These are the key concepts you need to understand to accurately answer the question.

Quadratic Transformations
When dealing with quadratic functions, understanding quadratic transformations is essential for graphing. The basic quadratic function is given by \( f(x) = x^2 \), which is a parabola opening upwards. Transformations can shift, stretch, compress, or reflect this simple shape in various ways.
  • Horizontal Shifts: This occurs when there's a change inside the parenthesis of the squared term, such as \( f(x) = (x + 1)^2 \). This indicates a horizontal shift of the graph. If a value is added to \( x \), the graph shifts to the left. If subtracted, it shifts to the right.
  • Vertical Shifts: Changes outside the squared term, like the \(+4\) in \( f(x) = (x + 1)^2 + 4 \), dictate vertical movements of the graph. Adding a positive number shifts the graph upwards, while a negative number shifts it downwards.

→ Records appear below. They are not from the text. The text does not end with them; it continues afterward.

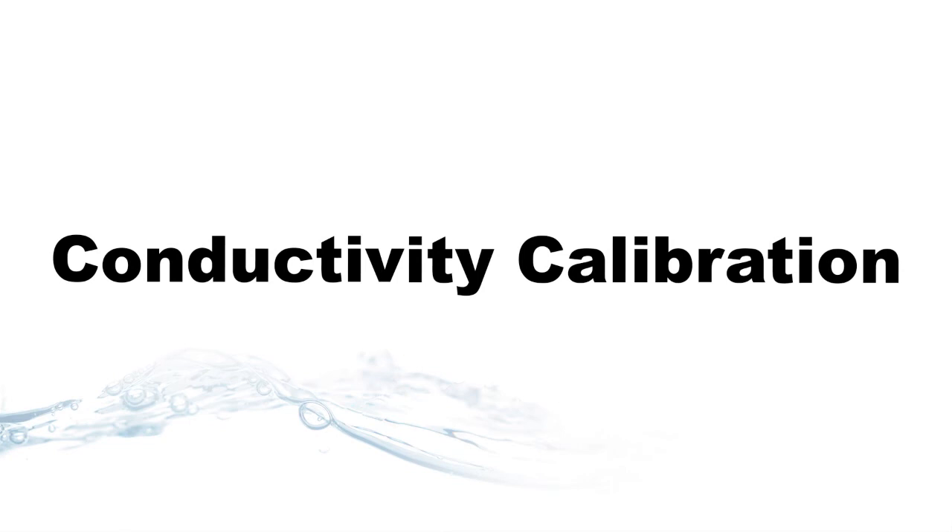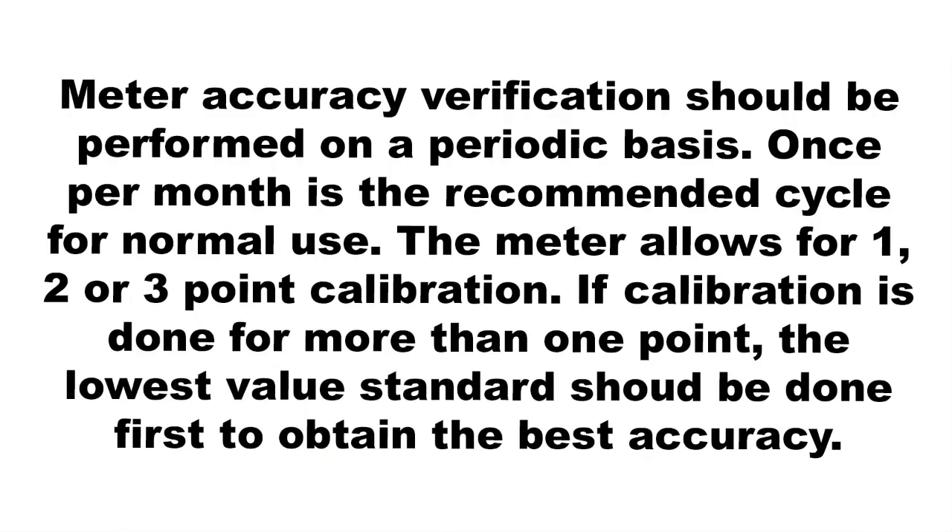Conductivity calibration. Meter accuracy verification should be performed on a periodic basis. Once per month is the recommended cycle for normal use. The meter allows for one, two, or three-point calibration. If calibration is done for more than one point, the lowest value standard should be done first to obtain the best accuracy.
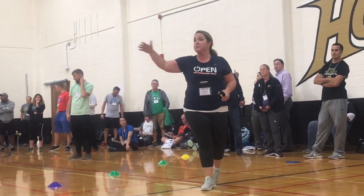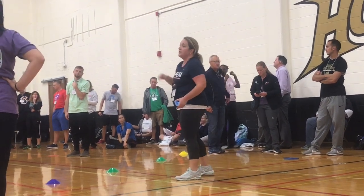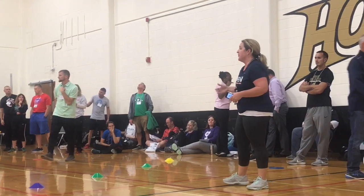The next activity leads right into it. This is called a throw run derby — instead of a home run derby, it's a throw run derby.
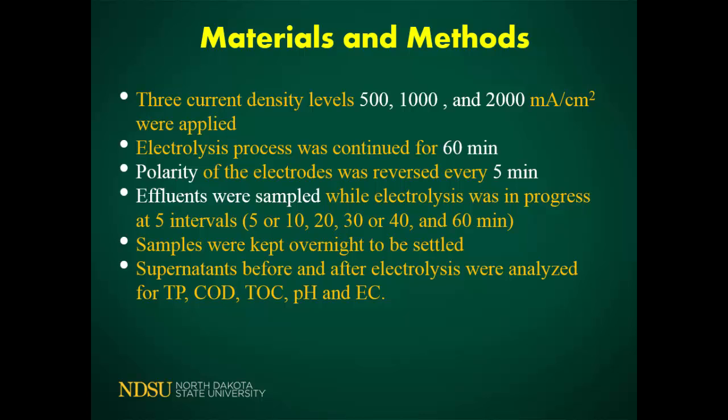We also needed to change the polarity because if we don't, electrons are lost from one electrode causing excessive erosion. So we changed the polarity every five minutes manually, since we didn't have an automatic system. We collected samples at the initial time point and then at 5 or 10 minutes, 20 minutes, 30 minutes, 40 minutes, and 60 minutes.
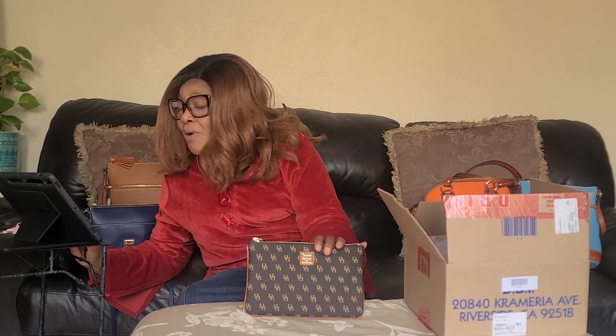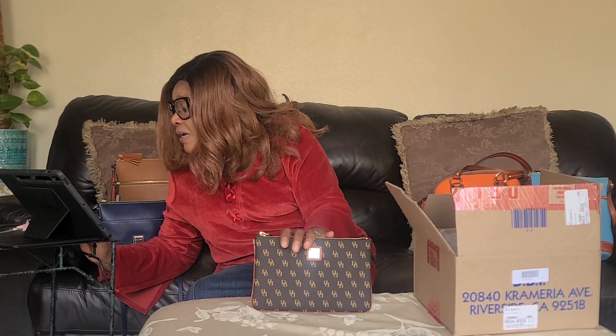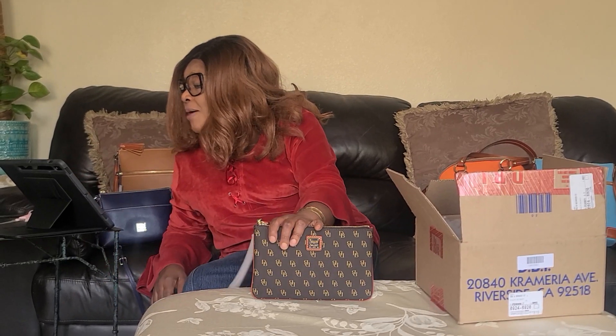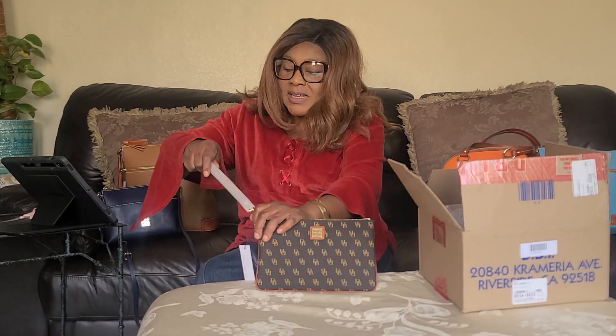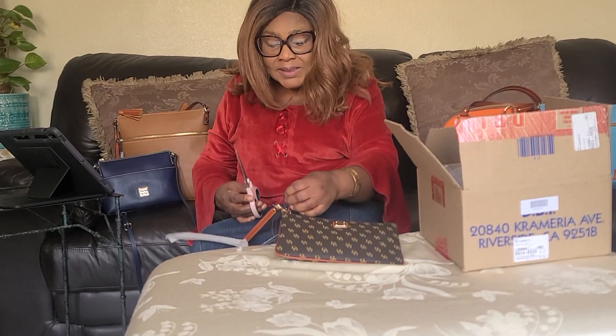This is called brown tomorrow — brown tomorrow. It's called a Dooney & Bourke handbag Grata large wristlet. It's a wristlet.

These transformations do not change the shape of the parabola; it remains symmetrical and faces upwards unless a reflection transformation is applied.
Parabola Vertex
The vertex of a parabola is a crucial point which tells us the maximum or minimum value of a quadratic function, depending on the parabola's orientation. For the standard quadratic function \( f(x) = x^2 \), the vertex is at the origin (0,0). In our example \( f(x) = (x + 1)^2 + 4 \), the vertex moves to (-1, 4) due to transformations.
  • Finding the Vertex: The vertex is found at the point \((h, k)\), where \(h\) and \(k\) come from rewriting the quadratic function in the form \( f(x) = (x - h)^2 + k \).
  • Interpreting Vertex Form: The coordinates \((h, k)\) describe the location of the vertex of the transformed parabola. Here, \(-1\) and \(4\) indicate a leftward shift by 1 and an upward shift by 4, respectively.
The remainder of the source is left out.